Intenta la Iglesia construir confianza para edificar un país dialogante, tolerante, en el que la esperanza, la verdad y la concordia nos unan, en vez del ansia de venganza o el rencor. No lo tiene fácil. En su trinchera, el Gobierno enarbola su bandera de bloqueo institucional para saltarse los controles democráticos, en tanto abusa de la retórica de la confrontación, del recurso emocional o victimización para justificar su política. Insulta, mientras reclama respeto o moderación de los demás. Se equivoca, el que peca y reza no siempre empata. En su estrategia defensiva también desvaría la oposición cuando cae en mentiras, insensateces o demagogia que terminan por hacer de nuestra política un auténtico lodazal, donde el sentido de la palabra respeto desaparece, al tiempo que se legitima repudiar u odiar al otro.
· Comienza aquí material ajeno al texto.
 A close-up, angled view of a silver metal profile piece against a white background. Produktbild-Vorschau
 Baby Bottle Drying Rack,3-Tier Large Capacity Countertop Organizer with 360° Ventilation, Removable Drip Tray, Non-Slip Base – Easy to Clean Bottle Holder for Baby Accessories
¿A dónde nos conducirá el emponzoñamiento del debate político ahora que la campaña electoral está a la vuelta de la esquina? Difícil imaginarlo en la medida en que los aspirantes a suceder a Petro continúen radicalizando el discurso en su contra para ganar votos. Lo más inquietante es que el pesimismo ciudadano aumenta por efecto de las crisis acumuladas sin resolver. De lejos, la inseguridad es la peor. Los alcaldes de las principales ciudades procuran ser diques de contención ante el malestar general, pero se topan con un Gobierno nacional indolente e inoperante. No cabe duda de que la Iglesia tiene muchas puertas que tocar. Pues ojalá se le abran, porque la Colombia de a pie no merece tanta irresponsabilidad junta.